I'm writing a very specialized Constraint Programming solver for the PuyoPuyo puzzle game. A huge number of "inner joins", identical to the ones found in Database systems, are required to solve constraint programming problems. Researching the fastest modern join algorithms led me to the "worst case optimal" algorithm Leapfrog Triejoin... and later an improved version called Tributary Join. See the following papers for details:
- http://openproceedings.org/ICDT/2014/paper_13.pdf
- https://homes.cs.washington.edu/~chushumo/files/sigmod_15_join.pdf
In short, these algorithms implement a multi-way inner join between 3-or-more tables. Without going too far into the details, both require sorted lists for the relations, and both search for a particular table-entry many, many, many times.

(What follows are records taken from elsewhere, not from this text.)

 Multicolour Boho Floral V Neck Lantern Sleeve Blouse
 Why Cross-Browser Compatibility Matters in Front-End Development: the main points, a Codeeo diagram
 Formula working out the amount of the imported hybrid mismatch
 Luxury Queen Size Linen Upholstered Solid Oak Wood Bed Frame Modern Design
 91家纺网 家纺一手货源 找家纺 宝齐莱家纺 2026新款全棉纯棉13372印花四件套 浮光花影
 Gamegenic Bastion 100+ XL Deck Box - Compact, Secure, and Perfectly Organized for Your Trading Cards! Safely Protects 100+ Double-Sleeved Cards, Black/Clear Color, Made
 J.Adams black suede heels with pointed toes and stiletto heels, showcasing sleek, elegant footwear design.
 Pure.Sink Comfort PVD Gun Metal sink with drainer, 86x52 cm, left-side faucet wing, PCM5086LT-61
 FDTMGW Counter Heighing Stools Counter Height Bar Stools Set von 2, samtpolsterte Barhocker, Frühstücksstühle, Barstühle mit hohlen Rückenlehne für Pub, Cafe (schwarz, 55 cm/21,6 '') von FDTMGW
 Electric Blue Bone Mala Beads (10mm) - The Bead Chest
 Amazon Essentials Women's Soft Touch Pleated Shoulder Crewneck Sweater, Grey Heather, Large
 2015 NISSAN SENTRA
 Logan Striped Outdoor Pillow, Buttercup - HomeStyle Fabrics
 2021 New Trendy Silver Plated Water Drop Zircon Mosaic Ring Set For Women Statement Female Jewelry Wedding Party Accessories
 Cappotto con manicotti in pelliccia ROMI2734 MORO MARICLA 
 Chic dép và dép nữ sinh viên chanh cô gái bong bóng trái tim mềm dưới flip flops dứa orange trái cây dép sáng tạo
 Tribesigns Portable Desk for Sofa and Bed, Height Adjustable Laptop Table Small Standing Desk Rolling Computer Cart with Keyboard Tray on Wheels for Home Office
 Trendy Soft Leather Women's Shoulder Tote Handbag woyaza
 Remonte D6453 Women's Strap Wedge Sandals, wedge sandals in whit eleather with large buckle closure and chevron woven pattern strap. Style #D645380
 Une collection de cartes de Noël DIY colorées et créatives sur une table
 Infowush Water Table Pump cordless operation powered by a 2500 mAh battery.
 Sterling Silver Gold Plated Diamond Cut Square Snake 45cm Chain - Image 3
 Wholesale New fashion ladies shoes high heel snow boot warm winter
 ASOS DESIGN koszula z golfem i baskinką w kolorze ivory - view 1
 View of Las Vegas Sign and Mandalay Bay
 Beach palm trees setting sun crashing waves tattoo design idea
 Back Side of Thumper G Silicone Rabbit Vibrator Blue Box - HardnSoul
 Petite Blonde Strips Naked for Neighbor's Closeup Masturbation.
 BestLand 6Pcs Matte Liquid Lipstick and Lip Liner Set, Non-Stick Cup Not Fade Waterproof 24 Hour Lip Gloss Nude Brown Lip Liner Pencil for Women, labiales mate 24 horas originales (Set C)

An unordered Hash Table methodology was brought up hypothetically in one of the papers, but it seems like sorting the values is hugely important for this particular problem. A major operation in the algorithm is the "next" operator, so a sort has to take place regardless.
There's no insertion or deletion in either of these algorithms. It is purely a read-only search problem as a new table is constructed.
Leapfrog Triejoin, the original, claims to use a B-tree like structure. Tributary Join uses a simple Binary-search, and allegedly achieved higher performance than the original B-tree implementation. Which makes sense: arrays are far more cache and memory friendly than pointers.
Alas: Binary Search doesn't use the SIMD units (SSE or AVX on x86 platforms), while B-Trees have relatively simple SIMD implementation. Is it possible to achieve some of the linear memory benefits of Binary Search, while still using the SIMD-units of modern processors?
In this repository, I'm trying to combine the SIMD-friendliness of B-Trees with the advantages of BinarySearch. This new methodology I call the SIMDPyramid data-structure.
This "SIMD-Pyramid search" executes roughly 4x faster than std::binary_search (or really, std::lower_bound) over 256-Million integers. However, it takes many microseconds to build the SIMD-Pyramid (it is a O(n) operation to build the Pyramid: it requires walking and extracting 1/128 elements of the array for each section of the pyramid, assuming a FACTOR=128).